A gene therapy that could treat blindness in people with ‘inherited retinal diseases’ is on the brink of being approved by regulators in America.

Research presented this week to the American Academy of Ophthalmology revealed that, during trials, the potentially game-changing treatment had positively affected 27 out of 29 people with Leber congenital amaurosis (LCA), a condition which exists from infancy, and eventually leads to blindness.

The 27 saw their vision improve to a level where they could ‘navigate a maze in low to moderate light’. While this doesn’t mean a return to full vision, it does offer a future without a cane or guide dog.

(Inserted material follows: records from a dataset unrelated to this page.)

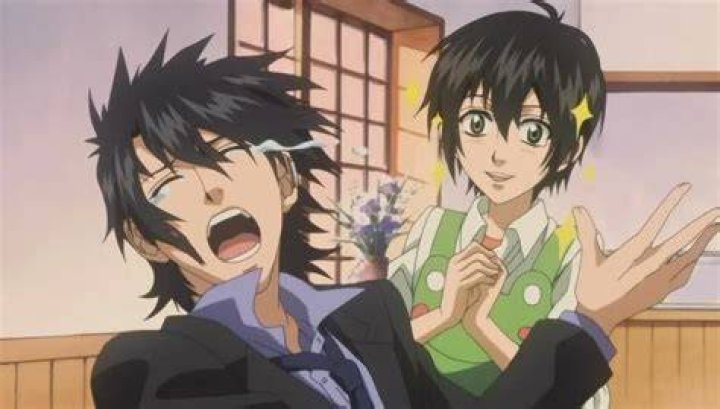 Are Miharu and tobari related?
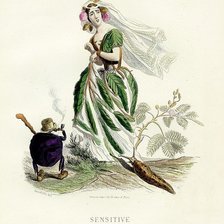 Схема вышивки «Жерар Гранвиль.»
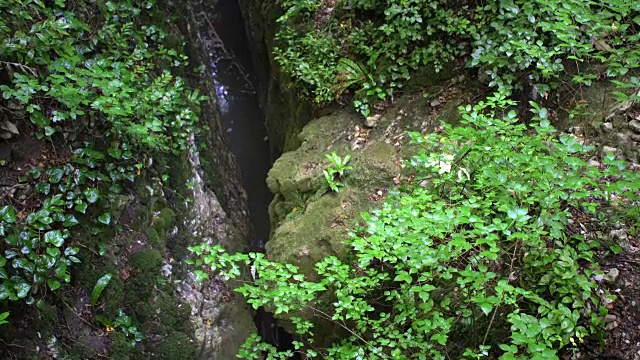 山峡凉水流，绿林石林视频素材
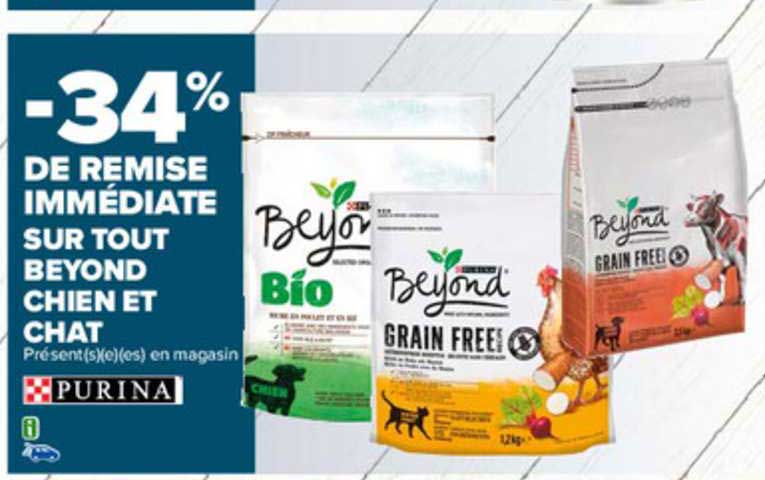 beyond chien et chat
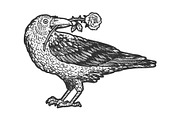 Raven with rose in beak sketch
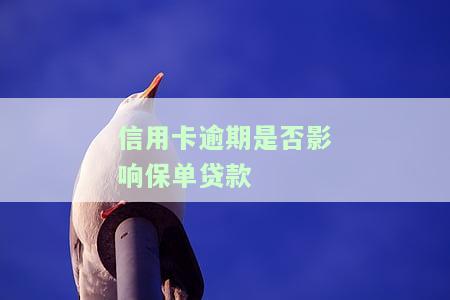 信用卡逾期是否影响保单贷款还款？答案在这里！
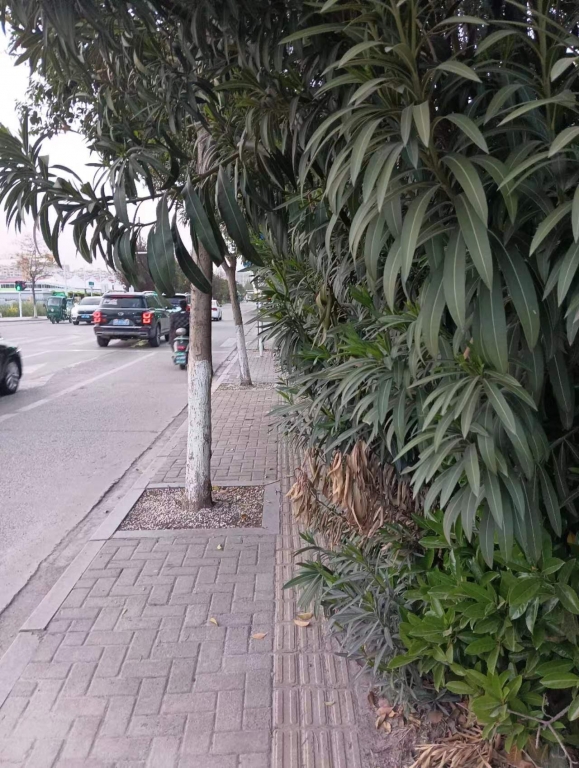 微信图片_20230415173304.jpg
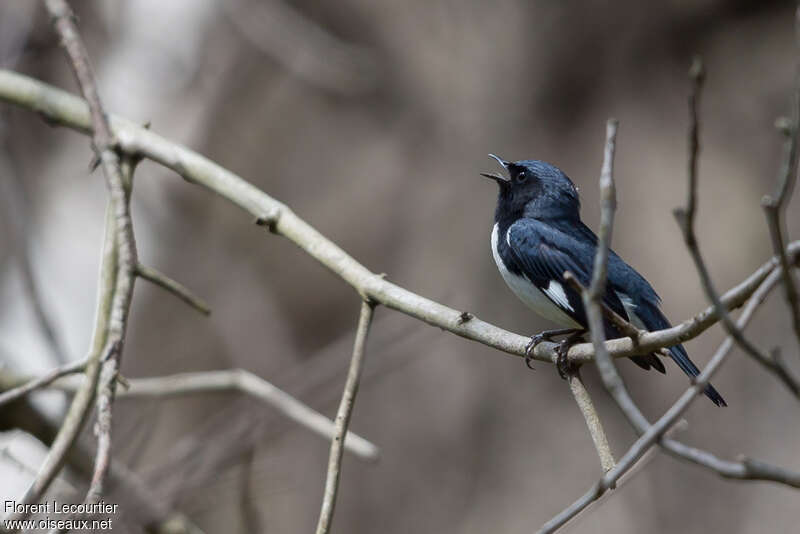 Paruline bleue mâle adulte, chant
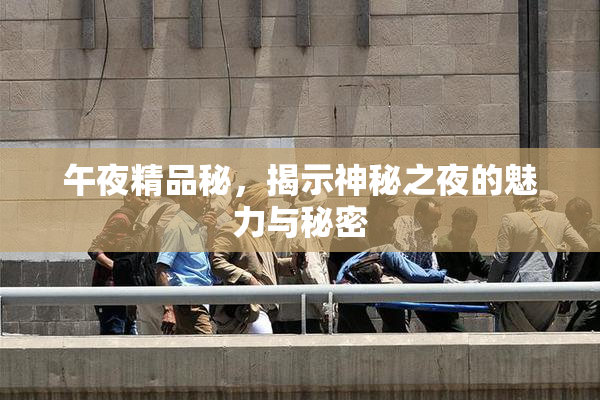 午夜精品秘，揭示神秘之夜的魅力与秘密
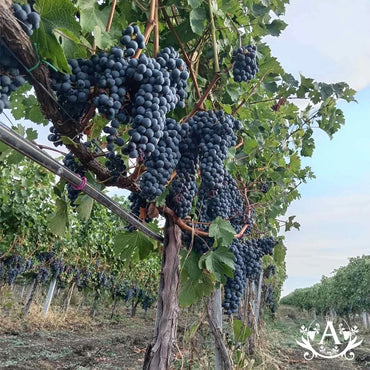 Erdevik Bellucci Tamjanika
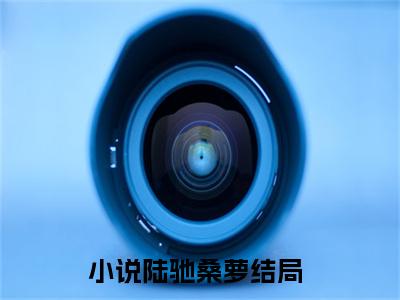 陆驰桑萝（陆驰桑萝）全文免费阅读无弹窗大结局_(陆驰桑萝免费阅读)最新章节列表_笔趣阁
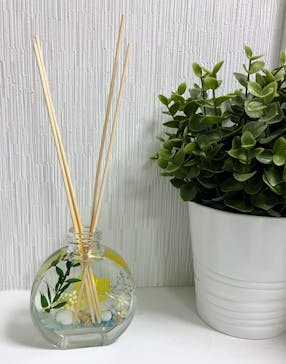 ずこうしつ〜sugamo〜に投稿された画像（2025/7/25）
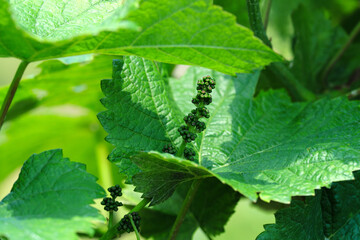 Junge Weintrauben vom Grauer Burgunder an Rebstock mit Weinblättern Anfang Juni - Stockfoto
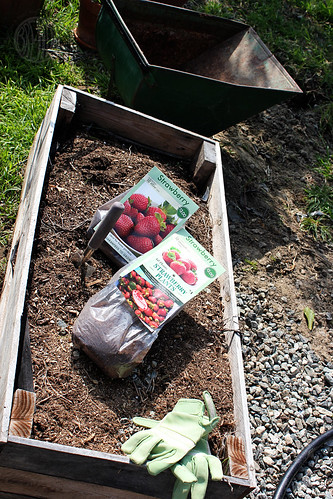 future strawberries!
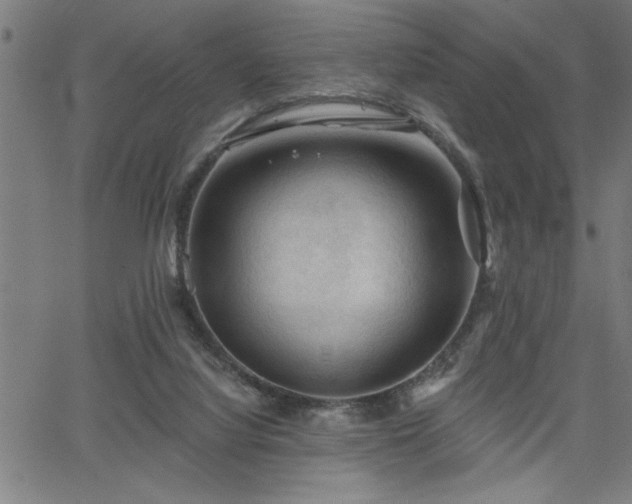 X0000065970068200603061200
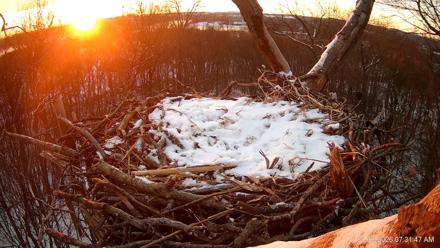 Hanover Eagles Live Cam - Jan 19, 2026, 7:32am EST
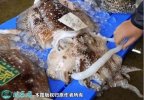 2021年8月29日深水墨鱼价格行情...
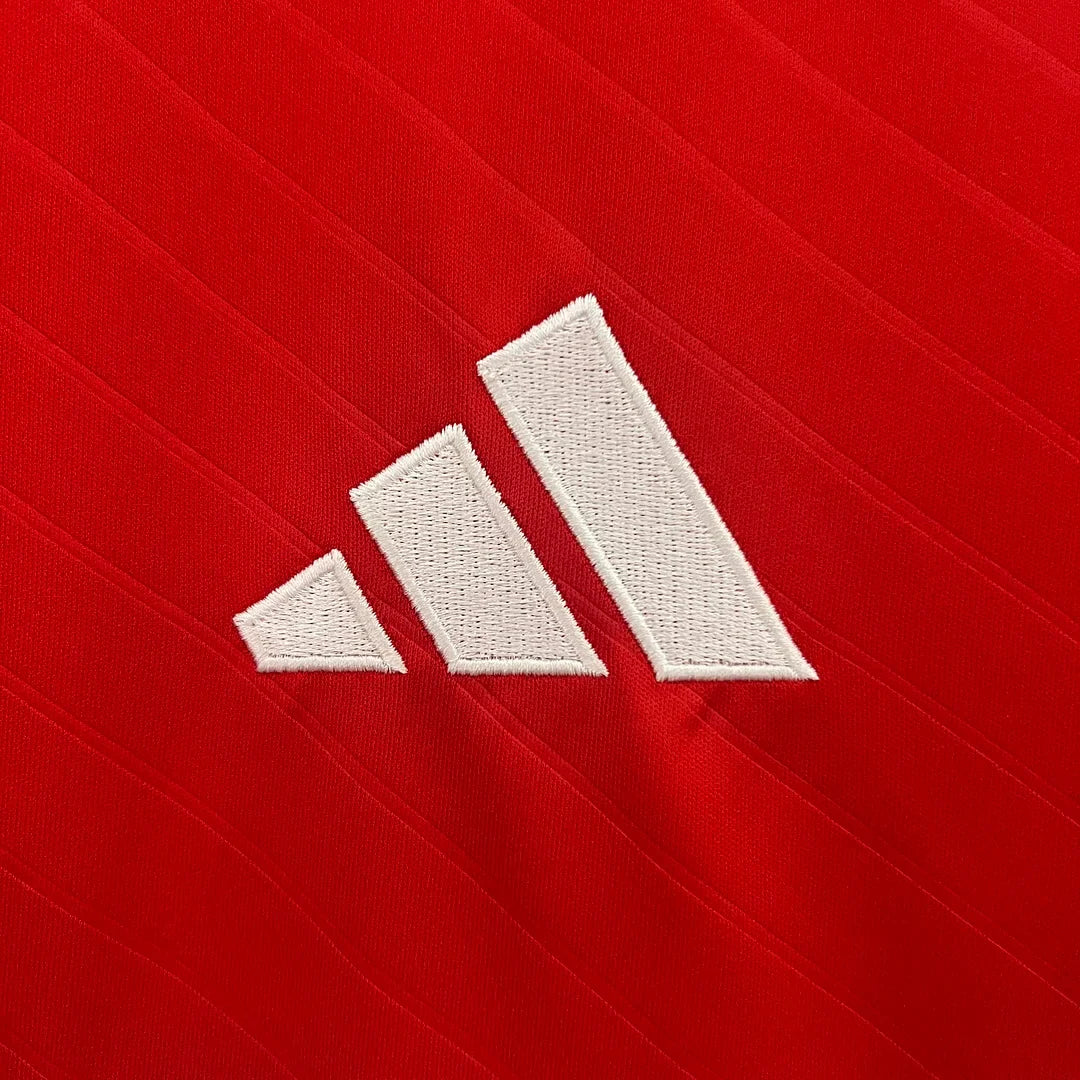 Benfica 2024/2025 Home Jersey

Ophthalmologist, Dr Stephen Russell, from the University of Iowa, is one of the team behind the gene therapy, which the researchers say – if approved – could lead to treatments for ‘more than 225 genetic mutations known to cause blindness’.

The U.S. Food and Drug Administration (FDA) will make its final decision in January, 2018. And hopes are high for a positive decision, after an FDA advisory committee unanimously backed it in October.

It is part of a growing trend, where gene therapies are redefining what is possible. One biotech industry expert wrote this year that they could spell “the end for blood cancer” with more breakthroughs turning the tables on cancer. A gene therapy from Novartis, approved by the FDA in August, was also labelled as having blockbuster potential. While one developed in Europe has been used to give a young boy with a skin disease, which had destroyed 80% of his epidermis, his life back.